Schwächere EU-Ziele, mehr chinesische Importe
Die Studienautoren prognostizieren zudem, welche Auswirkungen die Überarbeitung der EU-Flottengrenzwerte für Pkw auf den Markt für E-Autos hätte. Die vom federführenden Europa-Abgeordneten Massimiliano Salini vorgeschlagenen Abschwächungen würden es europäischen Automobilherstellern ermöglichen, die Elektrifizierung zu verlangsamen. Dadurch würde der E-Auto-Marktanteil chinesischer Hersteller bis 2035 auf 30 Prozent steigen, verglichen mit 15 Prozent gemäß dem Vorschlag der EU-Kommission.
„Die EU-Zölle waren wirksam, um Produktion zurück nach Europa zu verlagern. Die Wettbewerbsfähigkeit europäischer Unternehmen bei E-Autos und Batterien steht trotzdem auf dem Spiel und der Standort Deutschland hat dabei besonders viel zu verlieren“, sagt Susanne Goetz, Senior Referentin für E-Mobilität bei T&E Deutschland. „Die Flottengrenzwerte für Pkw sind der Schlüssel für einen starken europäischen E-Auto-Markt. Wenn wir auch eine starke heimische Batterie-Lieferkette aufbauen wollen, müssen wir mit Zöllen auf importierte Batterien die heimische Produktion schützen und gleichzeitig gezielt fördern.
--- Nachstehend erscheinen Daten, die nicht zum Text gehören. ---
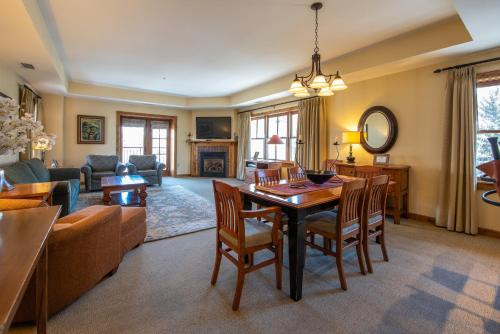 a large living room with a table and chairs at Two Bedroom Condo with Balcony over Mountaineer Square - Just Steps from the Slopes! condo in Crested Butte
Deutschland ist schon jetzt ein starker Standort für Batterieproduktion. Für diesen Wirtschaftszweig muss sich die Bundesregierung in Brüssel dringend engagieren.“
T&E fordert die Bundesregierung auf, sich in Brüssel für weitere Handelsschutzmaßnahmen gegen in China hergestellte Batterien einzusetzen, indem der derzeit „extrem niedrige“ Zollsatz angehoben wird. Die Politik soll zudem den Industrial Accelerator Act und die Regulierung für Unternehmensflotten (Clean Corporate Vehicles Regulation) unterstützen, um einen starken Markt für in der EU hergestellte E-Autos und Batterien zu schaffen. Wichtig sei auch, die Planungssicherheit für den EU-Automobilsektor zu erhalten und sich für das Erhalten der Flottengrenzwerte einzusetzen.